Appearing on Fox News, Yoo laid out the legal logic behind Trump’s original attempt to deploy the National Guard to Chicago, a move blocked after Illinois Gov. J.B. Pritzker refused to cooperate and successfully challenged the action in court. Yoo explained that Trump’s argument was rooted in enforcing federal law and protecting federal personnel.
“Look, I’m trying to enforce the laws with ICE agents, with federal law enforcement, and I can’t do it, so I need to call the National Guard,” Yoo said, summarizing Trump’s position. The issue, Yoo explained, centers on how federal law defines when a president may deploy the Guard.
Under the statute, the president must be unable to enforce federal law using “regular forces” before calling up the National Guard. Until now, the Supreme Court had never clarified what “regular forces” actually meant. That changed with the Court’s recent ruling.
According to Yoo, the Supreme Court now appears to interpret “regular forces” as the regular armed forces of the United States, meaning active-duty military units. In practical terms, that means a president must first attempt to use troops like the Army or Marines before legally deploying the National Guard.
“The unintended consequence here might be that the president is going to have to call the 82nd Airborne or the Marines or the 101st Airborne Division,” Yoo said. He pointed to historical precedent, noting that President Dwight D. Eisenhower deployed federal troops in the South following the Brown v. Board of Education decision to enforce desegregation when states refused to comply.
Under the Court’s reasoning, Yoo said, Trump may now have to follow a similar path if he wants to protect federal buildings and ICE agents in cities like Chicago. Only after active-duty forces prove insufficient would he then be legally justified in calling in the National Guard.
Fox News correspondent Kevin Corke read a statement from Gov.
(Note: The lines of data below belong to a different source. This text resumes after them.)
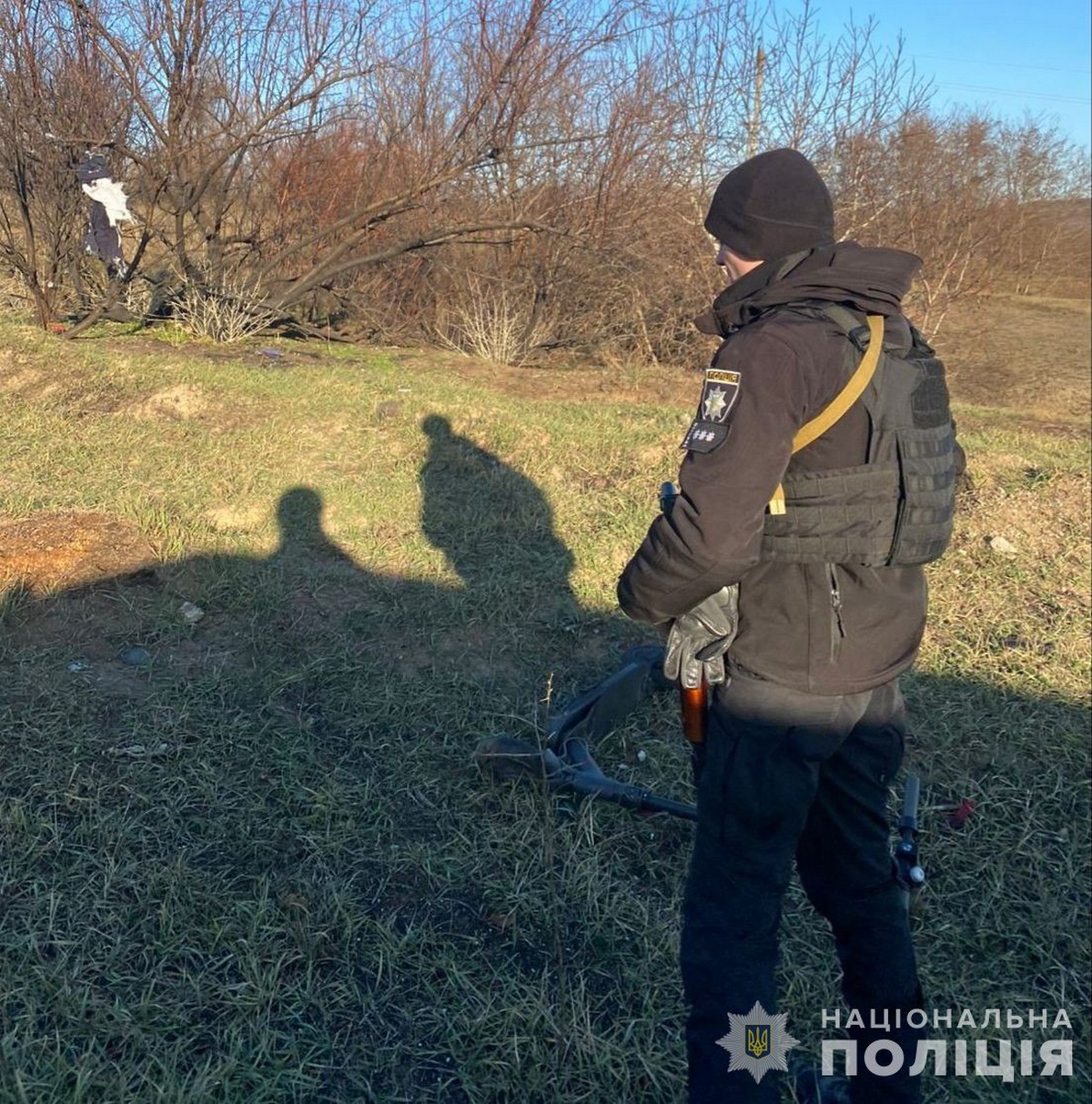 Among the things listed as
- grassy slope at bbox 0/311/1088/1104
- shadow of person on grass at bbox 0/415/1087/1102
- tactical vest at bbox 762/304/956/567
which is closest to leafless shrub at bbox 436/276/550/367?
grassy slope at bbox 0/311/1088/1104

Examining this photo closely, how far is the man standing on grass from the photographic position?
6.17 ft

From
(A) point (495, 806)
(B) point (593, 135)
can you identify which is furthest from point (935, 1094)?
(B) point (593, 135)

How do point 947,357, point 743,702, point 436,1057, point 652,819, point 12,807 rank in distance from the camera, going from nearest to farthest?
point 743,702, point 436,1057, point 12,807, point 652,819, point 947,357

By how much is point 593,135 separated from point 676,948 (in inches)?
359

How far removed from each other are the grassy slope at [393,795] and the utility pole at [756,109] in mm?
6036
Pritzker, who celebrated the ruling as a victory and accused Trump of abusing power and moving toward authoritarianism. Corke dismissed the statement as political theater, arguing that Trump has clearly tried to operate within the law based on advice from his legal team.
Yoo agreed, saying Pritzker’s response was entirely predictable and heavily politicized. “He’s, of course, injecting a lot of heated political rhetoric into this,” Yoo said.
More importantly, Yoo stressed that the legal fight is far from over. He said Trump still has the option to return to the Supreme Court to argue the full merits of the case, since the current ruling is preliminary and could be overturned.
But Yoo also warned that the Court’s interpretation creates a troubling incentive structure. By limiting access to the National Guard, which governors typically prefer, the Court may be pushing presidents toward more dramatic and disruptive military deployments.
“I think a governor would rather have National Guard troops than the 82nd Airborne and the Marine Corps patrolling the streets of Chicago,” Yoo said.
The warning highlights a paradox at the heart of the ruling: in an effort to curb presidential authority, the Court may have made it more likely that active-duty combat troops, rather than citizen-soldiers from the Guard, end up enforcing federal law in major American cities.